We will explore each, layering them together. By the end, you’ll understand each and how they fit together.

#### 1. The Objective

To keep things simple our objective is:

Given a numberxwe want to predict a related valuey

This is what our system needs to learn, and what we will train the system to do.

In real life, x could be the number of documents anticipated for a new legal matter and y the predicted cost in billable hours. More complex systems would include other factors, e.g. number and type of lawyers needed, jurisdictions, some score regarding the complexity of the intended matter etc.

The objective, the understanding of the x and y relationship, is known as the **model** (more on that later).

#### 2. The Dataset

A dataset is simply the data you want your machine learning system to process in order to learn the desired behaviour.

In supervised machine learning, this will be:

- a collection of examples
- where each example is a pair of x (input) and y (output)
- where x is a
**feature**about a thing (a variable independent of y), e.g. “number of documents” - where y is a
**label**about a thing (a variable dependent on x), e.g. “$100,000” amount of billable hours

For this reason, it’s best to think about machine learning, especially supervised learning, as **thing labelling**.

Our dataset looks like this:

Each row in the above Dataset is an **example **relationship between known x and y values. Each x value is a **feature** and each y value a **label **(and the thing we want the system to predict).

Someone, a human, will need to find this data (**data** **collection**), decide the relevant features (**feature engineering**), apply the relevant labelling (**data labelling**), deal with any missing, incomplete or inconsistent data (**data cleaning**) and organise it into the proper structure (one or more tables of data) for consumption by the relevant algorithms (**data wrangling**). This needs to happen **before** the dataset is fed into the machine learning algorithms. As you can see, this is a lot of prep work!

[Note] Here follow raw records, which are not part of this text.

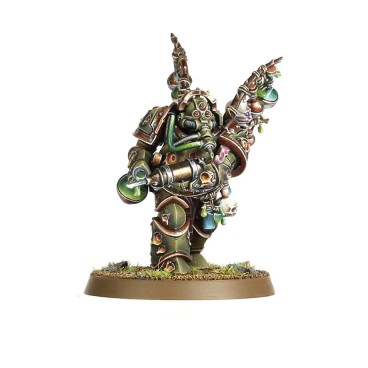 Death Guard: Biologus Putréfacteur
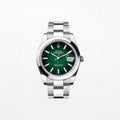 Rolex Datejust 41 Green Ombré Dial
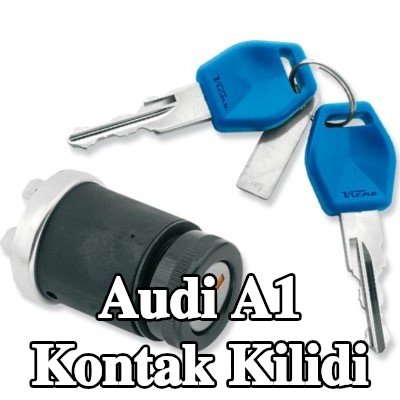 VICMA Kontak kilidi — Audi A1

We split the dataset into:

- A training dataset
**(green)** - A validation dataset
**(orange)** - A test dataset
**(red)**

As we will explain, we **train** the system on **training dataset** then **validate** its performance on the **validation dataset** and finally **test** the system on the **test dataset**.

Think of it like how you prep to pass exams.

When planning exam prep you gather a **dataset**. That dataset will comprise your **revision**, facts from which you study and learn the relationships about the subject matter.

You then use mock exams or past papers plus model answers to **validate** how well you understand and have revised the subject matter. If you do well on the mocks, great. If not, you review the model answers and go over your revision materials again to try and understand what you don’t.

Finally, you **test** your knowledge at the final exam. This proves your ability to **generalize** your understanding of a subject matter to new, sight unseen questions about it.

The hope is that provided you revised (**trained**), checked your knowledge and made any changes to your understanding via mock exams (**validation**) you should pass the exam (**test**). If you still fail the final exam, you probably need to go back to the drawing board and reconsider the structure and content of your revision.

We can plot our dataset like this, with x values along the x axis (horizontal) and y values along the y axis (vertical):

Our system’s goal is to learn *what* mathematical manipulation applied to x results in the correct value y. This is known as the **model.** As we shall see, this can also be represented graphically.

#### 3. The Model Function

Recall that the objective of our system is:

Given a number

xwe want to predict a related valuey

Machine learning engineers express this relationship with a mathematical equation, known as the **model function**. Mathematically this is:

y = mx + b

Let’s break this down.

Of the entire universe of possible x & y relationships and their constituent values, we already know a small subset which we’ve labelled and organised, i.e. our dataset. This means we can plug into the model function at least *some* x and y values, i.e. the ones we already know and have to hand.

But what about m and b?

At this point m and b are unknown to us: m and b are the magic numbers that produce the correct y value when applied to a given x value.

m is known as a **weight** or **parameter**, and b is known as the **bias unit**. The goal of our system is to identify the correct values of m and b such that our system always (or as close to always as we can) correctly predict y for a new x value. For these purposes, think of the bias unit as the point on the graph where our line of best fit needs to cut across the y axis.

In this way, we hope to pick any x value in the universe and predict the y value, whether or not we know that y value.

Why is that useful? Well, it helps us make predictions about the world around us or an outcome, e.g. number of billable hours likely, given an input, e.g. number of contracts to be negotiated.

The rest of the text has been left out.